(Dr.Thomas, the Senior Anesthetist in Jubilee Hospital, Trivandrum, explains the techniques and issues in giving GA for this patient undergoing micro laryngeal surgery with a suspected cancer of the Larynx (Voice Box).
Anesthesia for Microlaryngeal Surgery
Anesthesia for micro laryngoscopy surgery creates many obstacles for the anesthetists and ENT Surgeons. The anesthesia techniques for Microlaryngoscopy using suspension and the operating microscope have been fully developed and safe.
Almost all micro laryngeal surgery is done with the patient under general anesthesia. The patient must be anesthetized strongly enough so that he does not gag with the laryngoscope in place, so that he doesn’t feel anything, and that he have no memory of the surgery. During the surgery the patient must be given oxygen and the carbon dioxide produced in the lungs must be removed. This is usually accomplished by a combination of intravenous medications and the use of anesthetic gases. The gases and oxygen are given by first passing an endo tracheal tube through the vocal folds into the upper windpipe. This is called intubation.

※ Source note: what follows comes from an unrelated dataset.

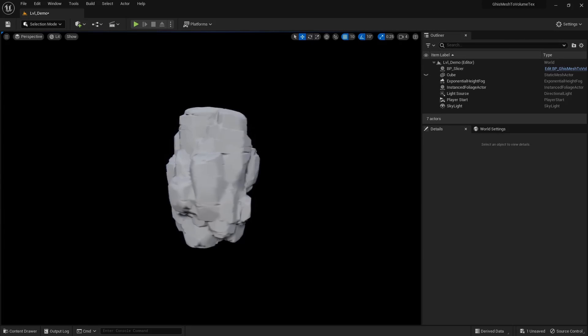Hey, what's up YouTube? Here's a quick video to briefly talk about a technique to convert any given mesh to a volume texture.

When operating on the vocal folds, the endo tracheal tube can get in the way. There are a few techniques that can be used to minimize this problem. First, the anesthetist can use a very small tube. Second, a type of ventilation called jet ventilation can be used in which the oxygen and gases are blown into the lungs under a higher pressure. Jet ventilation requires either no tube or a very narrow tube, and gives the surgeon more room.